- **Supplied material**:
- Opening Delimiter -

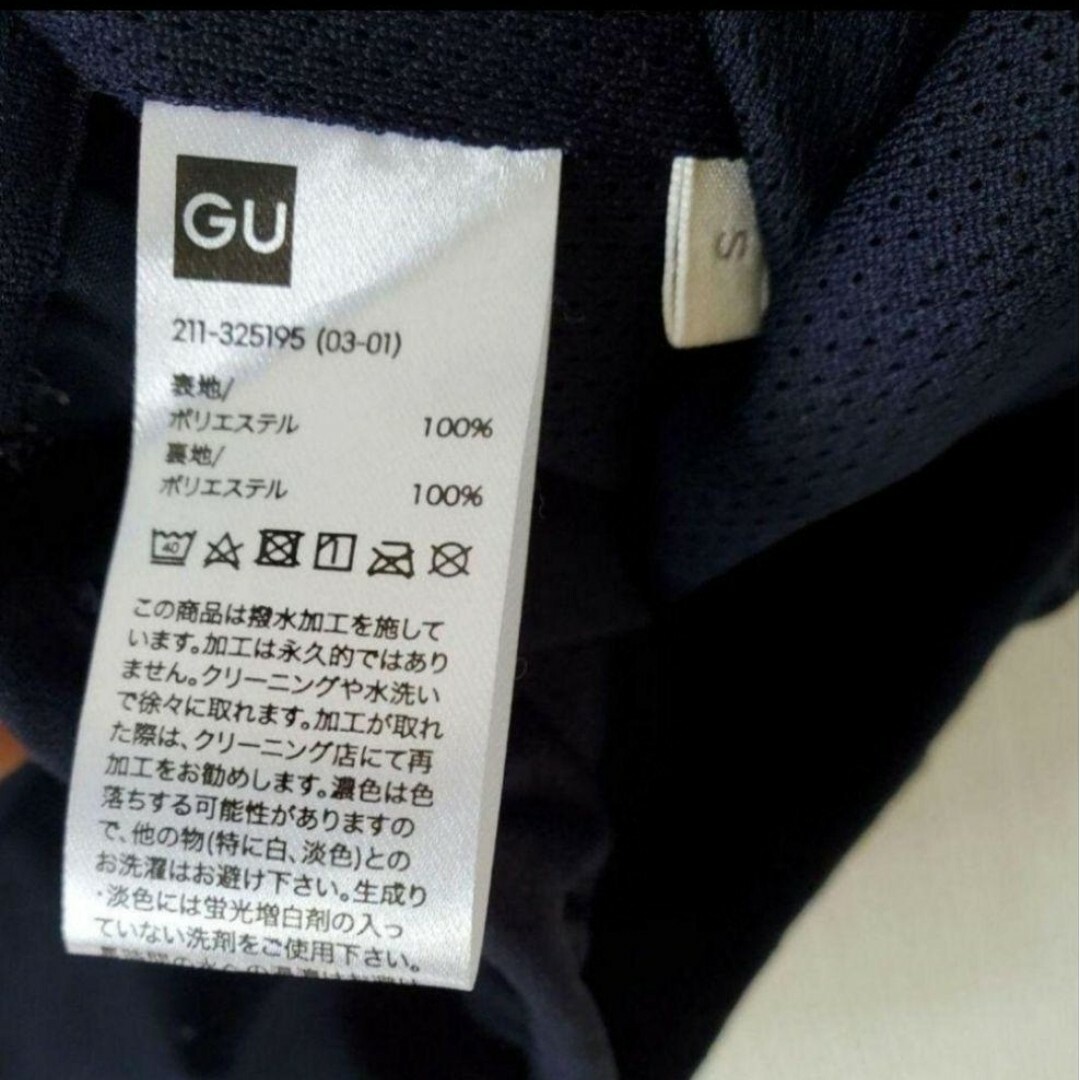 GU(ジーユー)の【GU】ウィンドブレーカー　ポリエステルパーカー レディースのジャケット/アウター(ナイロンジャケット)の商品写真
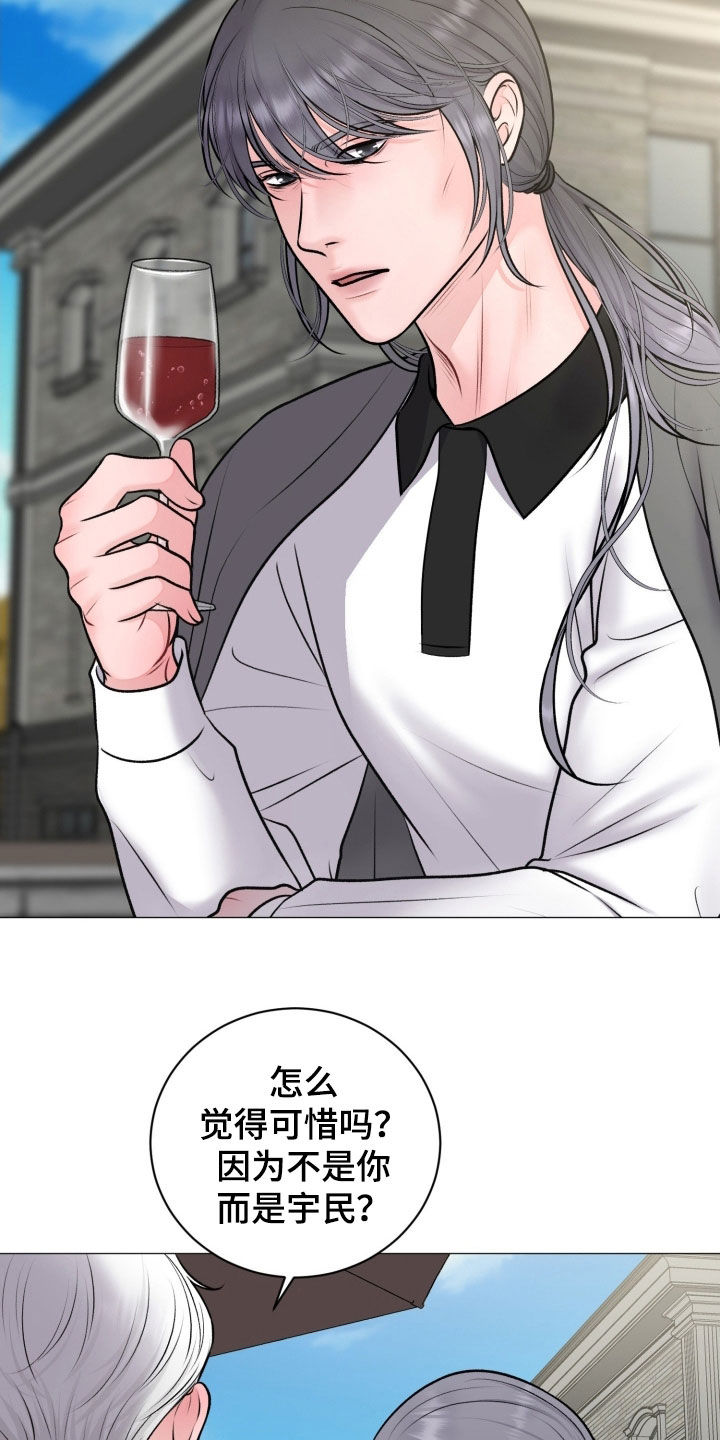 特殊商品漫画,第81章：【第二季】别担心5图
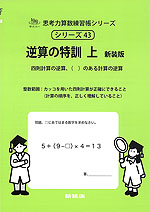 逆算の特訓 上 新装版 四則計算、（ ）のある計算の逆算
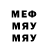 Метадон мёд Miss Audrey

- Closing Delimiter -

- **Task prompt**: Output the whole of the data, unchanged; keep the pictures out.

- **Response area**:
 GU(ジーユー)の【GU】ウィンドブレーカー　ポリエステルパーカー レディースのジャケット/アウター(ナイロンジャケット)の商品写真
 特殊商品漫画,第81章：【第二季】别担心5图
 逆算の特訓 上 新装版 四則計算、（ ）のある計算の逆算
 Метадон мёд Miss Audrey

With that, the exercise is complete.